- **TASK**: What should be copied is the stretch of entries below from the line with "Detmold litho (EK)" up to and including the line with "Kit Coloración Permanente", exactly and without images.

- **DATA EXTRACTS**:
☆ ☆ ☆ ☆ ☆

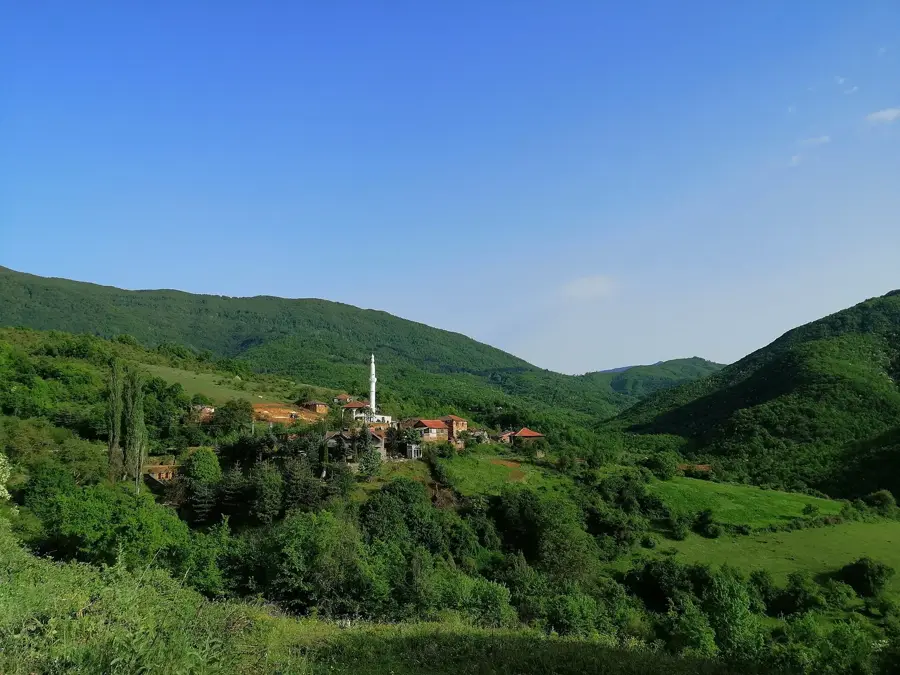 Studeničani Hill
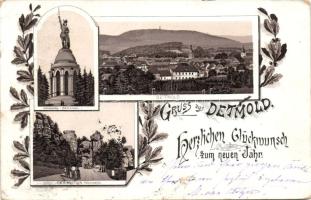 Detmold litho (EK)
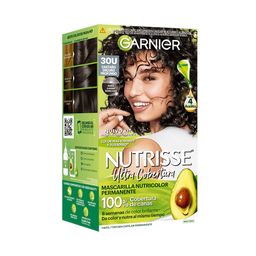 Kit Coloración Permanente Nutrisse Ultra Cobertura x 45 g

☆ ☆ ☆ ☆ ☆

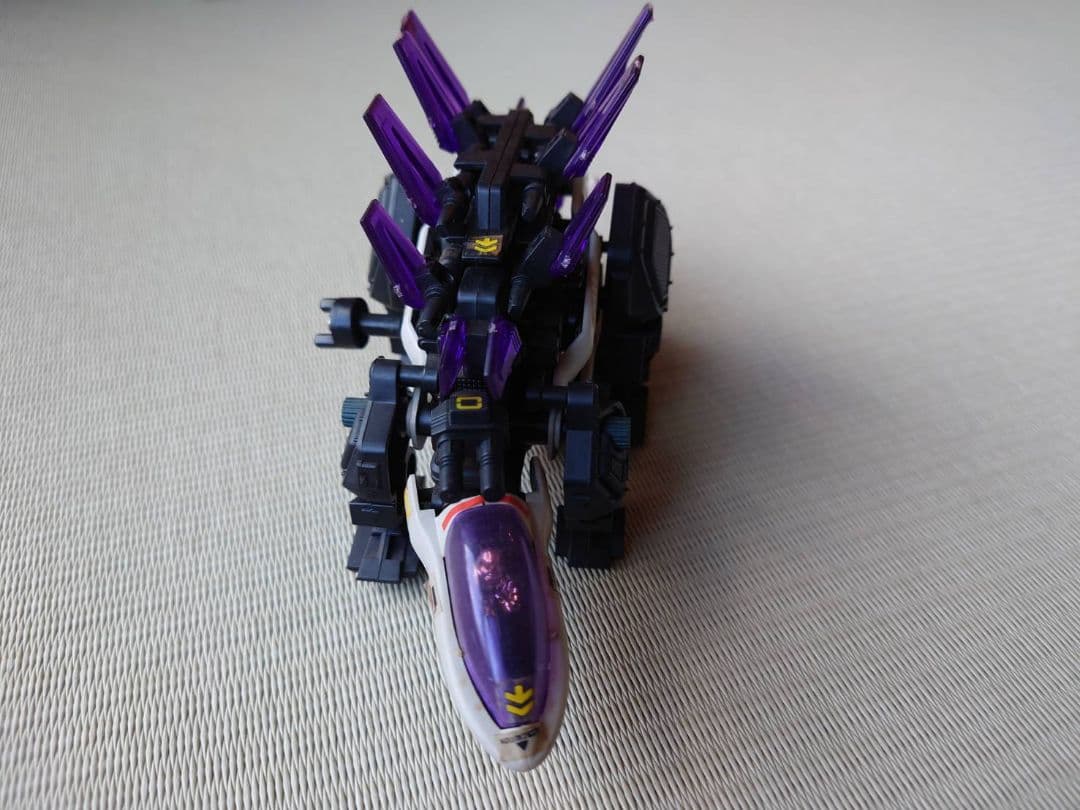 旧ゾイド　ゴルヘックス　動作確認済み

☆ ☆ ☆ ☆ ☆

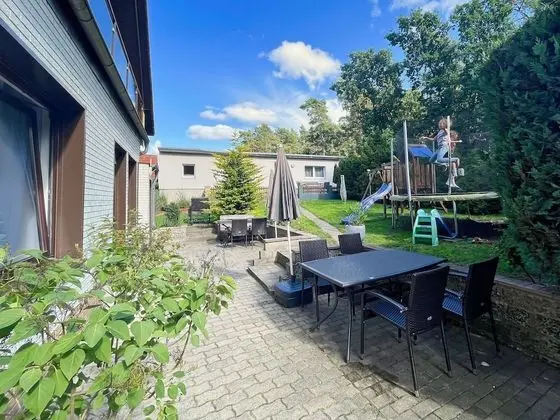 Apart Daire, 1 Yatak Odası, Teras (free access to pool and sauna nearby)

☆ ☆ ☆ ☆ ☆

- **YOUR RESPONSE**:
 Detmold litho (EK)
 Kit Coloración Permanente Nutrisse Ultra Cobertura x 45 g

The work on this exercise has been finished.